I nostri giorni a Pacotì, dal mattino a sera tardi, ruotavano attorno ai bambini per i quali gli amici italiani sono una specie di “babbo natale”, quelli che portano con le caramelle anche qualche regalo. Molti di loro sognano di incontrare prima o poi i loro padrini e madrine italiane.

Ricordo la gioia, la delusione e le lacrime di un bambino quando siamo arrivati a Pacotì. Presentandoci, ognuno di noi diceva il proprio nome e quel bambino sentendo il nome del suo padrino s'era fatto avanti per presentarsi a sua volta. Ma anche se il nome era lo stesso, non si trattava del suo padrino. Ed è stato a quel punto che abbiamo visto il suo faccino farsi triste e gli occhi riempirsi di lacrime.

Giorno per giorno il nostro compito era quello di sistemare le undici casette in cui vivono i bambini. Dovevamo pitturare, mettere in ordine il Parco Giochi, refettorio, cameretta, e ecc. Tra una cosa e l'altra c'era da organizzare dei giochi con i bambini, stare un po' con loro, pregare con loro in cappella le prime ore del mattino prima di andare alla scuola, e partecipare alla Santa Messa del sabato mattina, quando la maggior parte torna in famiglia per passare il fine settimana.

A conclusione del Campo di lavoro, sempre si organizza un po' di festa.

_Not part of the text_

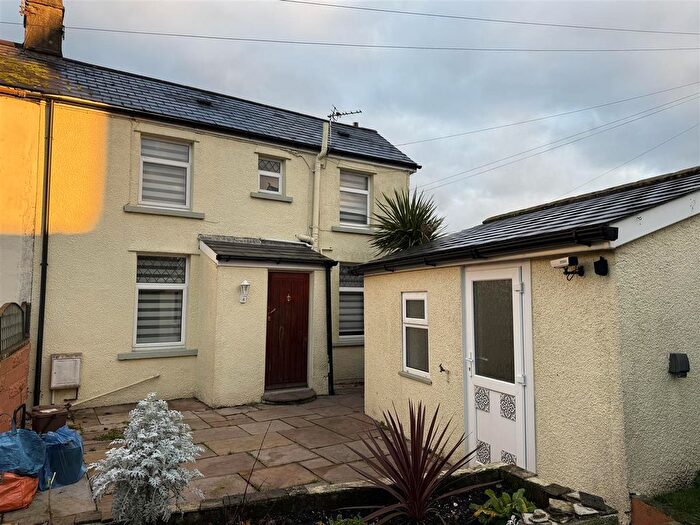 3 Bedroom End Of Terrace House To Rent In Pen-Yr-Heol, Pen-Y-Fai, Bridgend, CF31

Tutto questo per essere una presenza educativa per i bambini, creando amicizia e credendo nel valore della persona, soprattutto di questa realtà dei bambini brasiliani con la loro sfortuna e povertà, dove una struttura come quella di “Operazione Lieta” è una opportunità unica nella loro vita.

Ma il senso del Campo di lavoro non è solo fare “qualcosa” per i bambini brasiliani ma anche per ciascuno degli italiani che vive questa esperienza, perché possano tornare a casa con un bagaglio pieno di una carica interiore. È stato così per me e penso per il gruppo intero, come per tutti i gruppi che in questi anni si sono messi al servizio dei bisogni di Pacotì.

La cosa più bella è potere costruire qualcosa insieme. Un'esperienza unica. Anche le persone che sono partite con un'attesa rimasta forse delusa, nel tempo capiranno che nulla nella vita è sprecato. Il volto di quei bambini, la gioia stampata nei loro volti, ci chiedono di uscire da noi stessi, di metterci in gioco e avventurarci nelle braccia di questo immenso Universo, dove il tuo cuore deve diventare come quello dei bambini, che sono capaci di sorridere solo con il tuo abbraccio, con il tuo affetto e la tua amicizia. Voi credete in questo? Io sì! Volete venire a fare questa esperienza? Vi aspettiamo. E con noi i bambini di “Operazione Lieta”.